2. Flavonoid Quercetin

The term quercetin is derived from the Latin “quercetum”, commonly referred to as “oak forest” [12,21]. Quercetin is a bioactive agent that is widely distributed among a diversity of vegetable species and medicinal plants, such as Ginkgo biloba, Hypericum perforatum, and Sambucus canadensis [21]. Structurally, quercetin (3,3′,4′,5,7-pentahydroxyflavone) has two benzene rings linked by a heterocyclic pyran or pyrone ring and five hydroxyl groups [22], with the molecular formula C15H10O7 [9,12,21]. Considering the chemical aspect, quercetin has a greenish-yellow crystalline solid appearance, being responsible for the pigmentation of various fruits, flowers, and vegetables [12,23,24]. Quercetin has an important nutritional value, constituting one of the most abundant flavonoids in the diet [21,22,23,24]. The main dietary sources of quercetin are onions and apples, in addition to other foods, such as cherries, grapes, blueberries, citrus fruits, red leaf lettuce, cabbage, broccoli, tomatoes, peppers, asparagus, wine, and tea [21,22,25,26].

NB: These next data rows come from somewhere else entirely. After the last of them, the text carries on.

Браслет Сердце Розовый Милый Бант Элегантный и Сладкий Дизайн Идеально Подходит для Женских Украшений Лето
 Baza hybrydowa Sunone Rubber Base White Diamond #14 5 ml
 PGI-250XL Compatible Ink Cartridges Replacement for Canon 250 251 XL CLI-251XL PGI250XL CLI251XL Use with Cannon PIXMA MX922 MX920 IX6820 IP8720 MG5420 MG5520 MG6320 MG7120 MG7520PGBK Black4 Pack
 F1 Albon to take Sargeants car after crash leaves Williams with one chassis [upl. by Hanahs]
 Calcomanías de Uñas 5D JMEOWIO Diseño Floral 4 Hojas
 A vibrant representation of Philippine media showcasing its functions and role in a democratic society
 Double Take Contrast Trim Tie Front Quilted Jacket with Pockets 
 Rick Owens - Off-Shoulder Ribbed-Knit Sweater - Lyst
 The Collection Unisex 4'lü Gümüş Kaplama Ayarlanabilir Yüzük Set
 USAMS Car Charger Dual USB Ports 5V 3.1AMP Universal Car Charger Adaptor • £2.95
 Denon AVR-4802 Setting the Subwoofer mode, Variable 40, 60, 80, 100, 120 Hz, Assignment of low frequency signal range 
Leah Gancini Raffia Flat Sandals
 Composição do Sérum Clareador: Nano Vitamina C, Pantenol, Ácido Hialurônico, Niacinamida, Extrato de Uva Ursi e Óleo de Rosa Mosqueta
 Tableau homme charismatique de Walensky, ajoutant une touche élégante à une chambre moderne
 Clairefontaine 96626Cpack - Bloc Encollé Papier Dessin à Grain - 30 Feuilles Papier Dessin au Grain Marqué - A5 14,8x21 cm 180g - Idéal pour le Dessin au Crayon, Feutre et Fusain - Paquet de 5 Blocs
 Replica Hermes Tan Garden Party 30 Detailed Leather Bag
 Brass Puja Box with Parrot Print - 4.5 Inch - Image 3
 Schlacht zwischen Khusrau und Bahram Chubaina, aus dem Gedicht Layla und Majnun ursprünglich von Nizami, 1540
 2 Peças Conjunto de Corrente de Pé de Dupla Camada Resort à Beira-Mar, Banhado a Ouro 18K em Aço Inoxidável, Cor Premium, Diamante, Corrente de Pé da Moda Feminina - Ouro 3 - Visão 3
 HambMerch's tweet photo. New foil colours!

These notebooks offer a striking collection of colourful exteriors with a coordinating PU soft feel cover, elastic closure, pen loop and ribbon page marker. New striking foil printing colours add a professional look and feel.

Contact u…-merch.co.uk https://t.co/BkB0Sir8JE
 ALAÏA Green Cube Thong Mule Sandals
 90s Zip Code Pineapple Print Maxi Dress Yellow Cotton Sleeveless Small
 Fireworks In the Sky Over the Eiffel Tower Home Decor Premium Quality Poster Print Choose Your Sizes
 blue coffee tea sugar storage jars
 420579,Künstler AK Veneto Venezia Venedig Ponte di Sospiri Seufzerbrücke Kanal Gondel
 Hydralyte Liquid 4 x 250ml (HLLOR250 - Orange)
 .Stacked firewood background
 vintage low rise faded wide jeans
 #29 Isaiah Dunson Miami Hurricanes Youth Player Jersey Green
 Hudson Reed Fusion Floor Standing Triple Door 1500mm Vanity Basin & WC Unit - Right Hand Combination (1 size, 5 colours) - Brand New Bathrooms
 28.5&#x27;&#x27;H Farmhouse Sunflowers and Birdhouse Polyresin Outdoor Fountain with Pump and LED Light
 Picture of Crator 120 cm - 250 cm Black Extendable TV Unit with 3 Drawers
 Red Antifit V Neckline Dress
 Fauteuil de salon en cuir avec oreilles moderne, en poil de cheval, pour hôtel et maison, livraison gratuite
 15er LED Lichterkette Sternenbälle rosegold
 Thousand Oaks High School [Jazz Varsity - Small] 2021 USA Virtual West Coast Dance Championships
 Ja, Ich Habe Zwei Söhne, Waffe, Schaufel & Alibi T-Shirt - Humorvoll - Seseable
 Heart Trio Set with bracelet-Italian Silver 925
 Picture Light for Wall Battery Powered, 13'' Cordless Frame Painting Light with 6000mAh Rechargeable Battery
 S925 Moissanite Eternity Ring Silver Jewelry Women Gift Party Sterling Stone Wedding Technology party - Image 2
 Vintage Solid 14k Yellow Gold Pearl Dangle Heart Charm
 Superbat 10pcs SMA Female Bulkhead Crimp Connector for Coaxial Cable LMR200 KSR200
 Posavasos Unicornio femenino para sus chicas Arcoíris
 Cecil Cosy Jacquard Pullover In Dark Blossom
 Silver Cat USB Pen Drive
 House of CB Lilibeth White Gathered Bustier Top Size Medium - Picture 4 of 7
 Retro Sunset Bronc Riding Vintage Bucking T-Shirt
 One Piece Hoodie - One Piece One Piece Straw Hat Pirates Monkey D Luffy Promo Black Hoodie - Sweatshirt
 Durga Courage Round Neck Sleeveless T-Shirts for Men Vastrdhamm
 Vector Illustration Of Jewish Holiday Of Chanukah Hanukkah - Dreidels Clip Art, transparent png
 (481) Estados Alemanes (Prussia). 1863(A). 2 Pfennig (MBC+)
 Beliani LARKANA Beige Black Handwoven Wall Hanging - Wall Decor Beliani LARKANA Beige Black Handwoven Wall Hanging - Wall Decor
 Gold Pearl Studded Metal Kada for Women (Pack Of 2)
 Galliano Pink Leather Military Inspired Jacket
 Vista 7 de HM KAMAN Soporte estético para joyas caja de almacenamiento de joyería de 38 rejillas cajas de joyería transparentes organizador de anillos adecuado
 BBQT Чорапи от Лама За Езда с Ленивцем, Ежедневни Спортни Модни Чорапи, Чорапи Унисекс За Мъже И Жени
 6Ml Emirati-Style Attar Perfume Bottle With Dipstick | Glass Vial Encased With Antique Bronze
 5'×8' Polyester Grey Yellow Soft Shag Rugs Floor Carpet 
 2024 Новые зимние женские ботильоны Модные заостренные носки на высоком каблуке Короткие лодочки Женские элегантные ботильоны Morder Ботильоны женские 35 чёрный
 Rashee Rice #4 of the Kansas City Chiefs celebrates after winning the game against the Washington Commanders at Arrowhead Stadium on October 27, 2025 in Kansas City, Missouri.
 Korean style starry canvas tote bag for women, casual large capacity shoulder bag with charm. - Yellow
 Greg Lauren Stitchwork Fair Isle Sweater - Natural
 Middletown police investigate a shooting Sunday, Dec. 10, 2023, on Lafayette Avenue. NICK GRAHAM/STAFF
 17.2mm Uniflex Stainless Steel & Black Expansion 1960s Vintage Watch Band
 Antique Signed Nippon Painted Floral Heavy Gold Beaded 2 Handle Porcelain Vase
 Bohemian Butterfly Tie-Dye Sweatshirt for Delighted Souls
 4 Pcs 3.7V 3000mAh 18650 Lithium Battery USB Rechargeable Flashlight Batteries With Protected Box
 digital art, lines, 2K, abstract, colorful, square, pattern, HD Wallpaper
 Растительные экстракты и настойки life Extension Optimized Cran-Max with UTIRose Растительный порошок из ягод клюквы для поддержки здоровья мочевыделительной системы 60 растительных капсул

In fruits and vegetables, quercetin is usually present in the form of glycosides, conjugated to carbohydrate residues, such as glucose and rutinose [12,22,25,27]. After ingestion, quercetin glycosides are hydrolyzed by β-glycosidases in the intestine. Most of the aglycone form is absorbed in the gastrointestinal tract and metabolized in the liver [9,12,21,22,25]. Thus, the microbial of the gastrointestinal tract plays an important role in the degradation and metabolism of this bioactive agent [22]. Quercetin, therefore, has a rapid and extensive metabolism, being efficiently eliminated by the intestine and kidneys [9,19]. One of the important issues in this process refers to its bioavailability. In addition to the intestinal flora, some factors, such as diet, can alter the bioavailability of quercetin and its metabolites. Certain dietary elements can interfere to increase the plasmatic concentration of these molecules. Quercetin, however, has a short half-life and relatively low bioavailability, which may influence its biological effect [9,12,23,25]. Considering these issues, some studies have investigated different delivery systems that could increase the bioavailability and facilitate the access of quercetin in the target tissues, such as the use of loaded quercetin in hydrogels, nanoparticles, nanofibers, polymeric micelles, or mucoadhesive nanoemulsions [9,28,29,30,31,32]. Thus, research has advanced in the use of these technologies since the therapeutic effect of a bioactive agent depends largely on its bioavailability.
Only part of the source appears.